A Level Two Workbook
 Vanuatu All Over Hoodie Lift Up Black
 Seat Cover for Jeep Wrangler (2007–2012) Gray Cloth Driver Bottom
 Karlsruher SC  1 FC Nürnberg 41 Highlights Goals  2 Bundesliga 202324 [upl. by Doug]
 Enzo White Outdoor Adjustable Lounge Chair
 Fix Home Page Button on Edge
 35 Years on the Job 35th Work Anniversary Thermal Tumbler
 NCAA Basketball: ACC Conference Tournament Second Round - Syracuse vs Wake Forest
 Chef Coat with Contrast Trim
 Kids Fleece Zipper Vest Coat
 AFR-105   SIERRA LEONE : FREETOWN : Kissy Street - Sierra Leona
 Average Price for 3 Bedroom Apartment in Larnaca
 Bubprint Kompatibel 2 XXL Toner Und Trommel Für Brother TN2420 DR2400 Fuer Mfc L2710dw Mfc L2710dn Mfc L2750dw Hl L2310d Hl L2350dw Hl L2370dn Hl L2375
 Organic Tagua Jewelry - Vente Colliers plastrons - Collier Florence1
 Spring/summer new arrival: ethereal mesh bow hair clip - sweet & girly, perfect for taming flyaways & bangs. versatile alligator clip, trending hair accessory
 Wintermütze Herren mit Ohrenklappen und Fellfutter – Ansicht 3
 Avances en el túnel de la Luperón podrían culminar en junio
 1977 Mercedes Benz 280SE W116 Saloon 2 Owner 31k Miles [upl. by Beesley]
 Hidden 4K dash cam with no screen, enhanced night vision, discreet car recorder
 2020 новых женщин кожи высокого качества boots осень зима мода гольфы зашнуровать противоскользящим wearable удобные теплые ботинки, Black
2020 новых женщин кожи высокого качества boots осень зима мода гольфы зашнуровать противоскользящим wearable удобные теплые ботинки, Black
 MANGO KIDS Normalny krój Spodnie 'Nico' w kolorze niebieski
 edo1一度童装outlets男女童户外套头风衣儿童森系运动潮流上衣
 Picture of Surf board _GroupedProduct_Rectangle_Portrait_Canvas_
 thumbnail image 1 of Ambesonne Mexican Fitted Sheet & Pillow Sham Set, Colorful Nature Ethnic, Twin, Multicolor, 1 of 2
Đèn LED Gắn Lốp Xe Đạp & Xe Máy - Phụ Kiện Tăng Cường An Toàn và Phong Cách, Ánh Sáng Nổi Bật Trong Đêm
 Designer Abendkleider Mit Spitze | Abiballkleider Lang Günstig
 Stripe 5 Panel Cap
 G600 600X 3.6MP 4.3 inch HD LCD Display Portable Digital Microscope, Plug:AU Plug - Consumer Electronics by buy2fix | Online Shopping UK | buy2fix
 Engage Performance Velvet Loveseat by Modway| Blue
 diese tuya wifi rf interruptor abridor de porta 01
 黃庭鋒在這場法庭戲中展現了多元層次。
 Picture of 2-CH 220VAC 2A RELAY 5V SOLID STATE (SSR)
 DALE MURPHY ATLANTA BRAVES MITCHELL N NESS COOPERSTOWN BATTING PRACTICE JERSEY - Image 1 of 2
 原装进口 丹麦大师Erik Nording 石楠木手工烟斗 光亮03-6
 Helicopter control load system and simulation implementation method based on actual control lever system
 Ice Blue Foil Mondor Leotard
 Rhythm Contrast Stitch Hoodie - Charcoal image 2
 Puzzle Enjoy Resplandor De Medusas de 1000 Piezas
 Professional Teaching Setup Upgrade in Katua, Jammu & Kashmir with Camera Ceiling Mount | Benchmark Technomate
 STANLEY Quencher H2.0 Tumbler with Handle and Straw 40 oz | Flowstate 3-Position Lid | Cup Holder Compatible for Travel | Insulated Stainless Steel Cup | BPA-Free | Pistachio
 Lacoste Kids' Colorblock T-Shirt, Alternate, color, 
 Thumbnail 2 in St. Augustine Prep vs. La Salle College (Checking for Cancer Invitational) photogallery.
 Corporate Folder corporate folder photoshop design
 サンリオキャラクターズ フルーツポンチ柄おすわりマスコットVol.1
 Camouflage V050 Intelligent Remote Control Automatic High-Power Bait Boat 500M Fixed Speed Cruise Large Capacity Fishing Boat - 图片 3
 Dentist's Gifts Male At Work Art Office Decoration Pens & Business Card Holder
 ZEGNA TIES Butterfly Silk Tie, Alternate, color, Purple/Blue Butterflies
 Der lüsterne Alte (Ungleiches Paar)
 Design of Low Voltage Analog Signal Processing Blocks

**How to complete this task**
The entries above must be transcribed word for word.

**Solution below**
A Level Two Workbook
 Vanuatu All Over Hoodie Lift Up Black
 Seat Cover for Jeep Wrangler (2007–2012) Gray Cloth Driver Bottom
 Karlsruher SC  1 FC Nürnberg 41 Highlights Goals  2 Bundesliga 202324 [upl. by Doug]
 Enzo White Outdoor Adjustable Lounge Chair
 Fix Home Page Button on Edge
 35 Years on the Job 35th Work Anniversary Thermal Tumbler
 NCAA Basketball: ACC Conference Tournament Second Round - Syracuse vs Wake Forest
 Chef Coat with Contrast Trim
 Kids Fleece Zipper Vest Coat
 AFR-105   SIERRA LEONE : FREETOWN : Kissy Street - Sierra Leona
 Average Price for 3 Bedroom Apartment in Larnaca
 Bubprint Kompatibel 2 XXL Toner Und Trommel Für Brother TN2420 DR2400 Fuer Mfc L2710dw Mfc L2710dn Mfc L2750dw Hl L2310d Hl L2350dw Hl L2370dn Hl L2375
 Organic Tagua Jewelry - Vente Colliers plastrons - Collier Florence1
 Spring/summer new arrival: ethereal mesh bow hair clip - sweet & girly, perfect for taming flyaways & bangs. versatile alligator clip, trending hair accessory
 Wintermütze Herren mit Ohrenklappen und Fellfutter – Ansicht 3
 Avances en el túnel de la Luperón podrían culminar en junio
 1977 Mercedes Benz 280SE W116 Saloon 2 Owner 31k Miles [upl. by Beesley]
 Hidden 4K dash cam with no screen, enhanced night vision, discreet car recorder
 2020 новых женщин кожи высокого качества boots осень зима мода гольфы зашнуровать противоскользящим wearable удобные теплые ботинки, Black
2020 новых женщин кожи высокого качества boots осень зима мода гольфы зашнуровать противоскользящим wearable удобные теплые ботинки, Black
 MANGO KIDS Normalny krój Spodnie 'Nico' w kolorze niebieski
 edo1一度童装outlets男女童户外套头风衣儿童森系运动潮流上衣
 Picture of Surf board _GroupedProduct_Rectangle_Portrait_Canvas_
 thumbnail image 1 of Ambesonne Mexican Fitted Sheet & Pillow Sham Set, Colorful Nature Ethnic, Twin, Multicolor, 1 of 2
Đèn LED Gắn Lốp Xe Đạp & Xe Máy - Phụ Kiện Tăng Cường An Toàn và Phong Cách, Ánh Sáng Nổi Bật Trong Đêm
 Designer Abendkleider Mit Spitze | Abiballkleider Lang Günstig
 Stripe 5 Panel Cap
 G600 600X 3.6MP 4.3 inch HD LCD Display Portable Digital Microscope, Plug:AU Plug - Consumer Electronics by buy2fix | Online Shopping UK | buy2fix
 Engage Performance Velvet Loveseat by Modway| Blue
 diese tuya wifi rf interruptor abridor de porta 01
 黃庭鋒在這場法庭戲中展現了多元層次。
 Picture of 2-CH 220VAC 2A RELAY 5V SOLID STATE (SSR)
 DALE MURPHY ATLANTA BRAVES MITCHELL N NESS COOPERSTOWN BATTING PRACTICE JERSEY - Image 1 of 2
 原装进口 丹麦大师Erik Nording 石楠木手工烟斗 光亮03-6
 Helicopter control load system and simulation implementation method based on actual control lever system
 Ice Blue Foil Mondor Leotard
 Rhythm Contrast Stitch Hoodie - Charcoal image 2
 Puzzle Enjoy Resplandor De Medusas de 1000 Piezas
 Professional Teaching Setup Upgrade in Katua, Jammu & Kashmir with Camera Ceiling Mount | Benchmark Technomate
 STANLEY Quencher H2.0 Tumbler with Handle and Straw 40 oz | Flowstate 3-Position Lid | Cup Holder Compatible for Travel | Insulated Stainless Steel Cup | BPA-Free | Pistachio
 Lacoste Kids' Colorblock T-Shirt, Alternate, color, 
 Thumbnail 2 in St. Augustine Prep vs. La Salle College (Checking for Cancer Invitational) photogallery.
 Corporate Folder corporate folder photoshop design
 サンリオキャラクターズ フルーツポンチ柄おすわりマスコットVol.1
 Camouflage V050 Intelligent Remote Control Automatic High-Power Bait Boat 500M Fixed Speed Cruise Large Capacity Fishing Boat - 图片 3
 Dentist's Gifts Male At Work Art Office Decoration Pens & Business Card Holder
 ZEGNA TIES Butterfly Silk Tie, Alternate, color, Purple/Blue Butterflies
 Der lüsterne Alte (Ungleiches Paar)
 Design of Low Voltage Analog Signal Processing Blocks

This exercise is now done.